I had always wondered what my reaction to this exact sort of scenario might be and I'd say I surprised even myself. I was not scared so much as I was surprised. Why would someone mug me, especially when I, at the moment (upon later inspection of my belongs) hand 35 cents on my person? I handed him my wallet and he asked if that was all of my money. Given that I knew the wallet to be empty and believing that I didn't actually have any cash on my person, I answered the question as it was asked and simply replied yes He then asked me to turn and walk toward the parking lot.
My friend was on the phone with me the entire time and I ignored his requests for more details as he had heard the demand both from his window and through the phone.
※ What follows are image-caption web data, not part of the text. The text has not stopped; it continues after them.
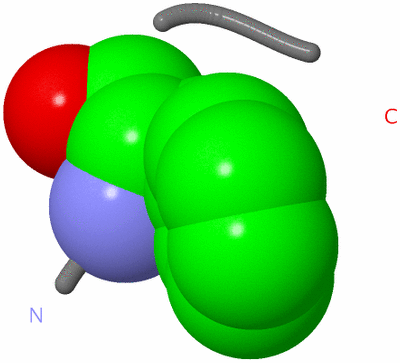 Image Theoretical Model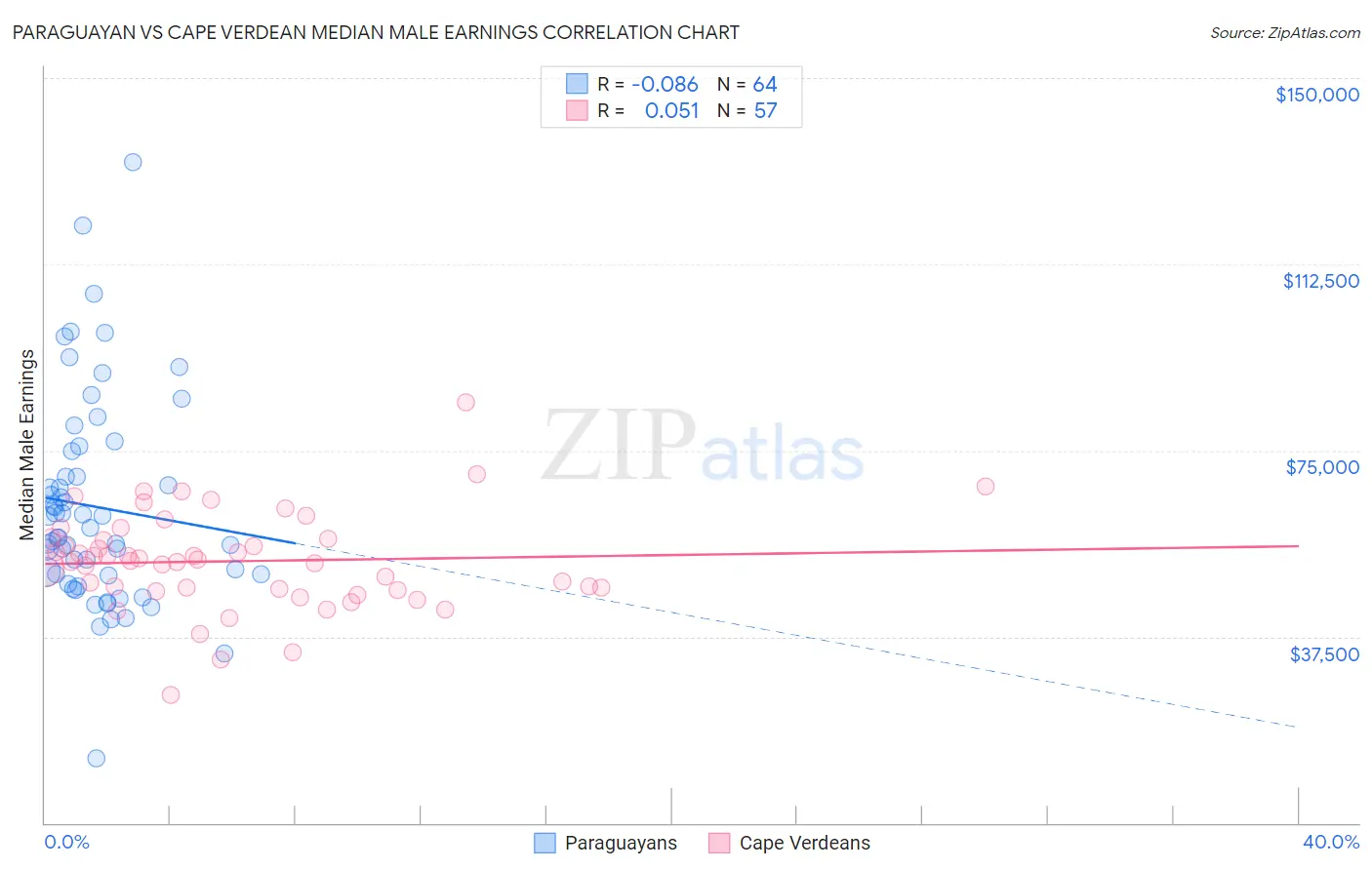 Paraguayan vs Cape Verdean Median Male Earnings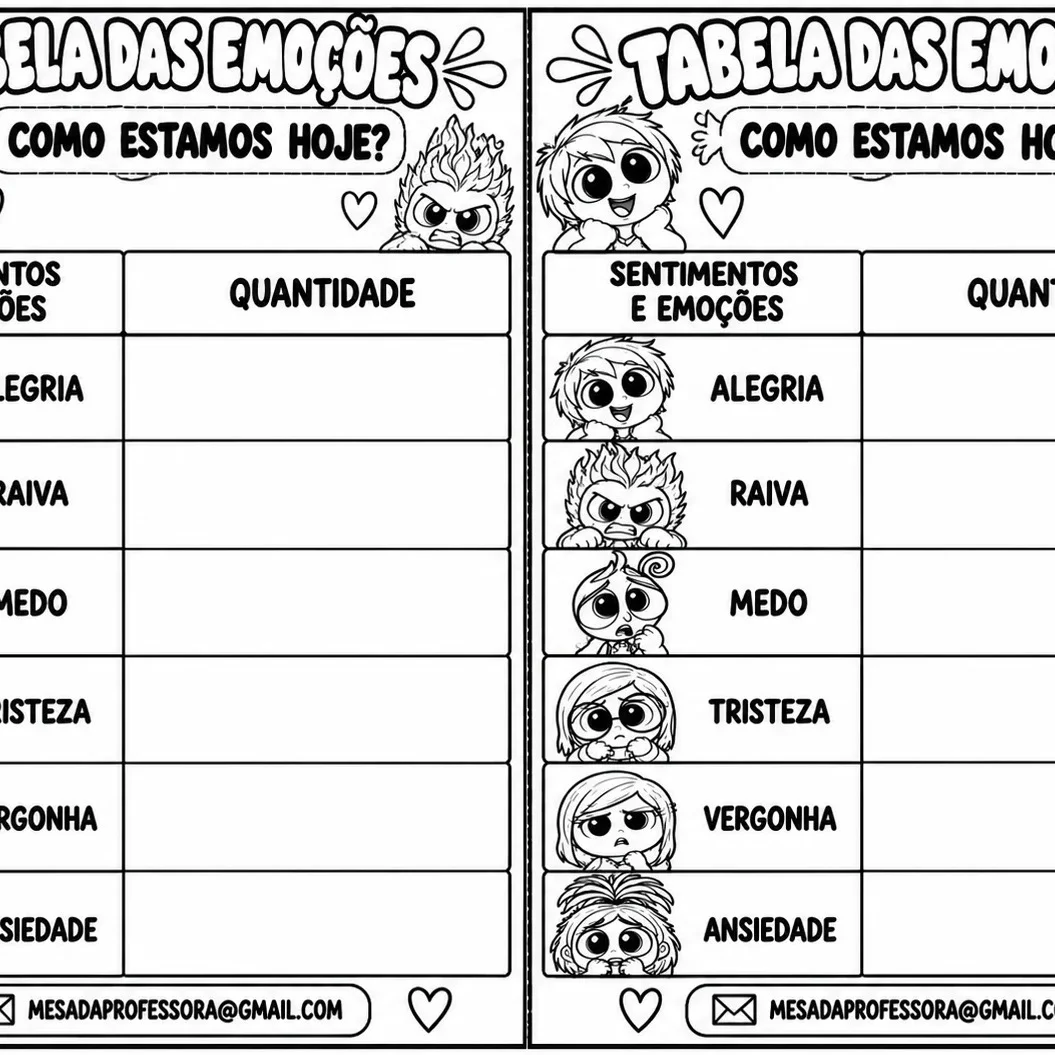 CONHECENDO EMOÇÕES, CRIANDO TABELAS E GRÁFICOS. — amostra 5: Desenvolvimento das atividades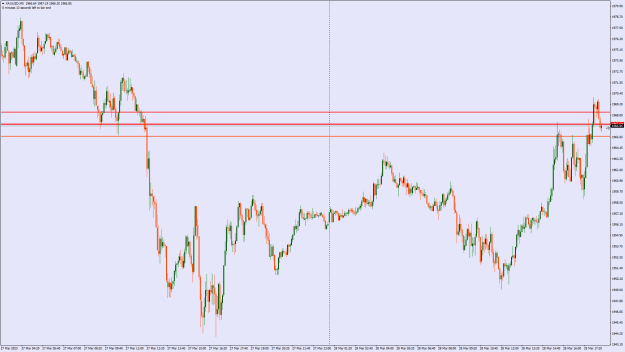 Click to Enlarge

Name: XAUUSDM5.png
Size: 24 KB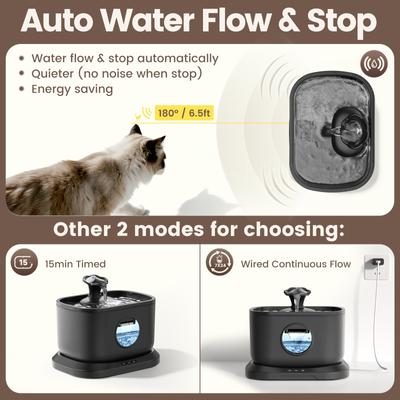 Show full view: Petlipo Wireless Cat Water Fountain, 2.5-l, Black slide 3 of 8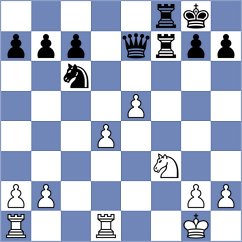 Novak - Hernandez Santos (chess.com INT, 2024)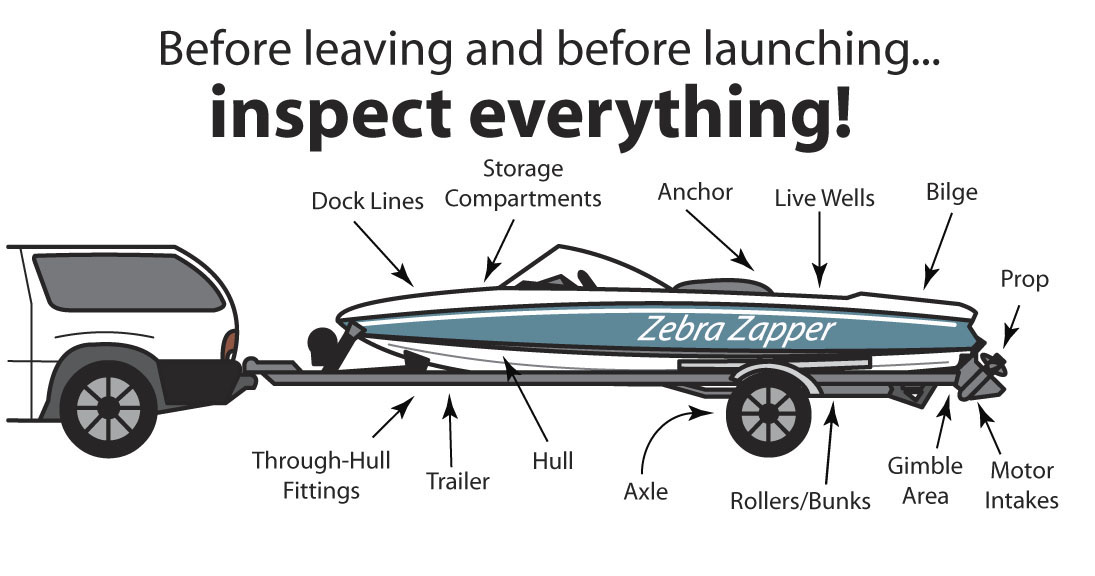 Graphic showing parts of boat to inspect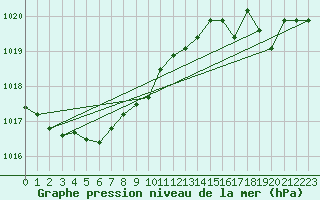 Courbe de la pression atmosphrique pour Rochegude (26)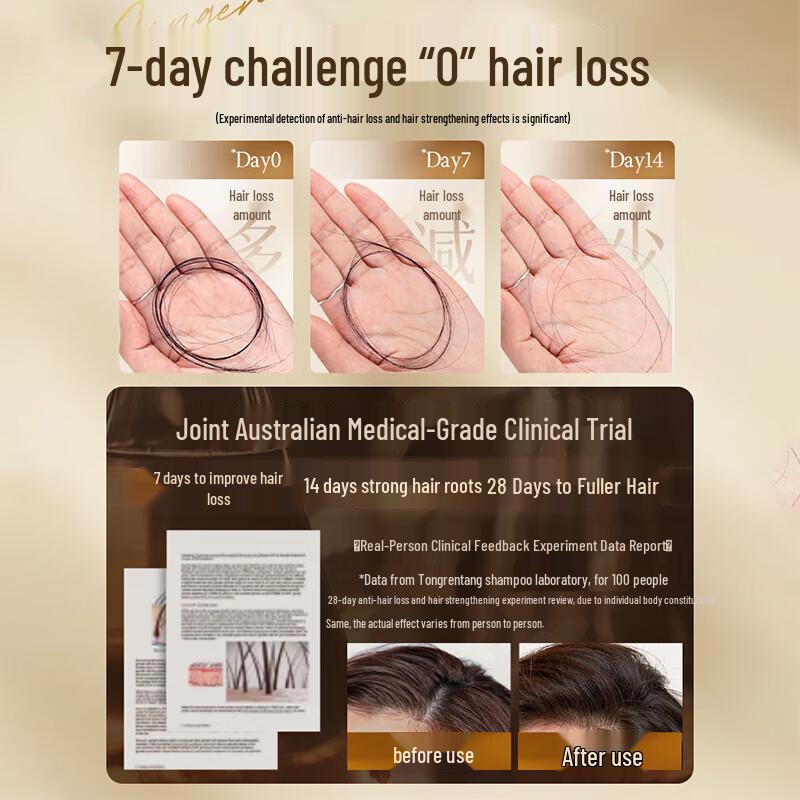 Șampon Tong Ren Tang Anti-Cădere Păr & Creștere Păr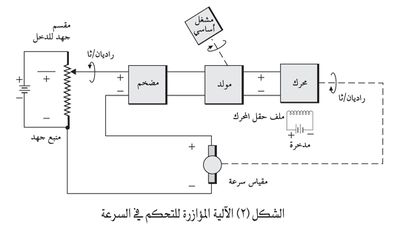 الآلية المؤازرة للتحكم في السرعة.jpg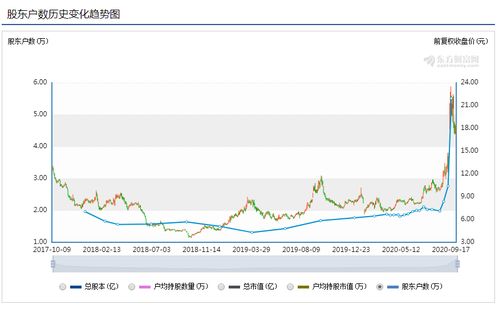  富邦股份最新业绩报告查询,富邦股份连续3日被主力资金减仓 天富平台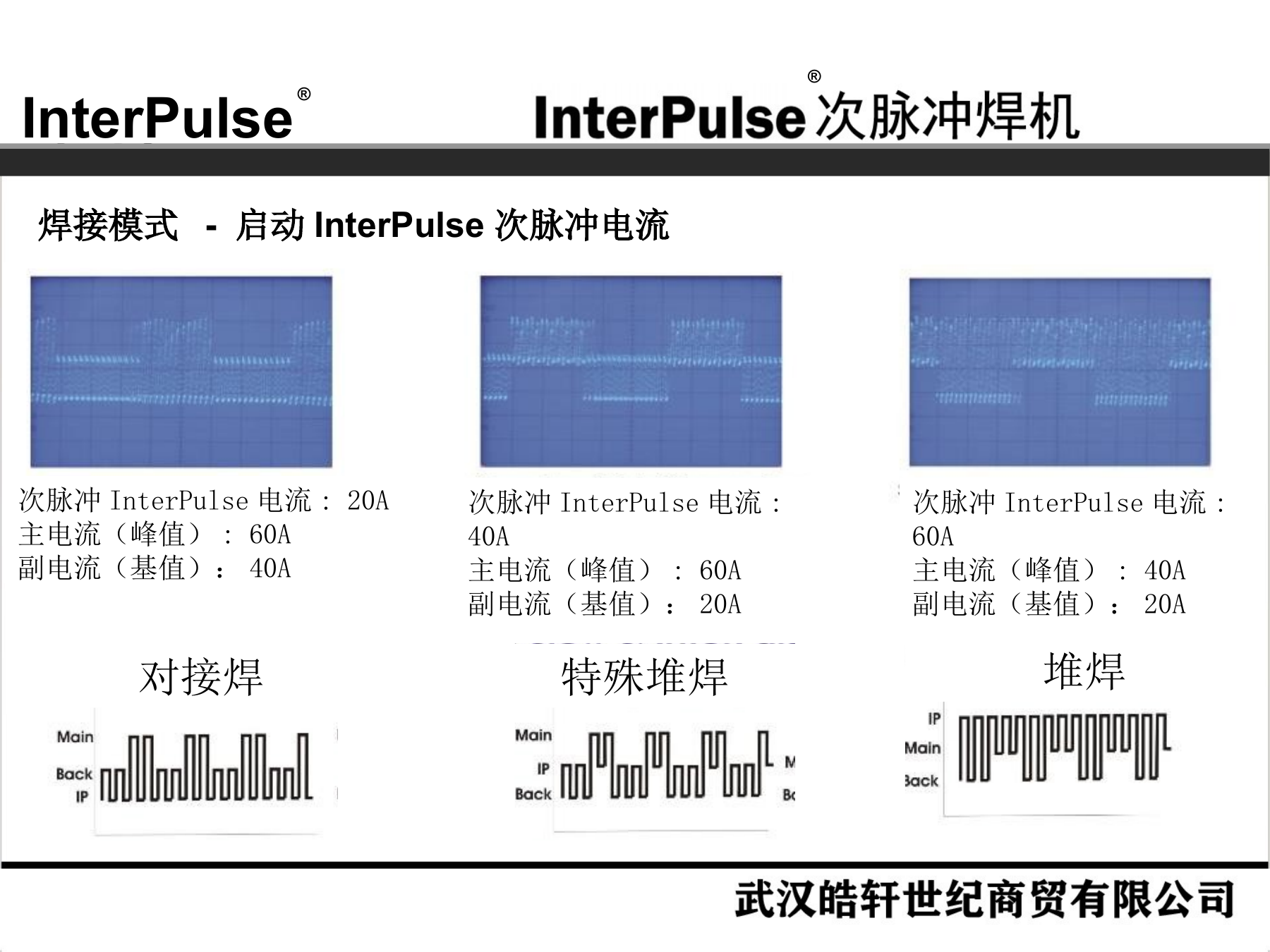 Slide 15：对接焊、堆焊与特殊堆焊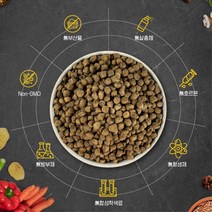 뼈 관절건강개선 소화기능개선용 최고급사료(7kg) 대용량사료 퍼피사료 강아지사료량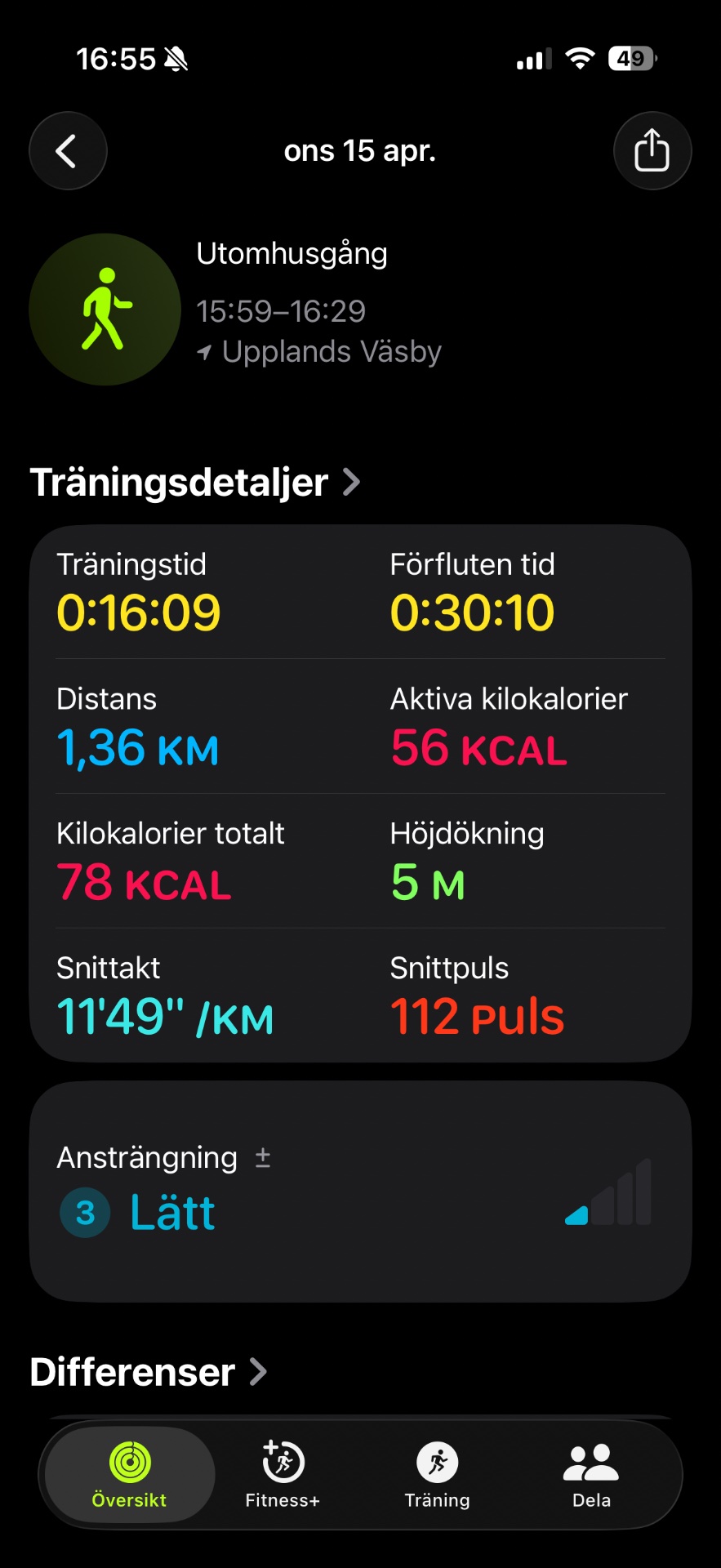 A 16-minute walk covering 1.36 km at Utomhusgång (Upplands Väsby) with an average pace of 11:49/km and 112 bpm heart rate. Great outdoor walking session!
After waiting around in the parking lot for a few seconds, I turned back around and went inside to call the police.
Just after giving my statement to the police, the friendly officer and one of his somewhat dickish peers sped off from the parking lot at what I would call an unsafe speed. While I was on hold with my bank hoping to cancel all of my cards (or at least tell them what happened so there would be a record), there was another heavy knock on the door. The police had returned and had caught the guy. It turns out I was the second person he mugged and he tried it a third time in a 30 minute span in the same square mile area.
So, I went and identified the gentleman and spent the better part of an evening being bored out of my mind in a police station. My property was recovered though the police alternately denied all knowledge of the existence of said property or to the exact location but eventually it was returned. Unfortunately, they kept my wallet and only returned the contents.
In his crime spree, the gentleman robbed a high-school junior who was penniless, me (who generally caries no cash at all) and a middle aged woman. In total his crime spree netted 18 USD in cash. My wallet was worth far more than that.
What made it strange was that he did not demand my pricy watch, nor my phone that I was actively talking on, nor may backpack containing hundreds of dollars in books, a laptop easily worth a few hundred dollars even if sold quickly and the bag itself. My backpack alone was worth more than his take. Hell, the pens in my backpack were worth more than his take.
It only seemed weird in retrospect. In our brief encounter (lasting at best half a minute) I had a bigger impact on his life than anyone but my parents have had on me. The guy is in prison serving a lengthy sentence. When the police asked I simply said that if you ignored the gun and the required threat of death that comes with making any demand while holding a weapon he was perfectly polite. While I'm sure everyone has a mental image of a mugger, this gentleman hardly met mine. He was just a normal looking early 20 something. He looked like any number of people I might have attended college with. He was wearing a nice turtle neck and had a gun that would have taken him months to pay off if he continued being terrible at mugging people. In short, I was mugged by a guy who's total mugging experience was probably 1 person long at that point and that experience had been earned only minutes before in my apartment complex.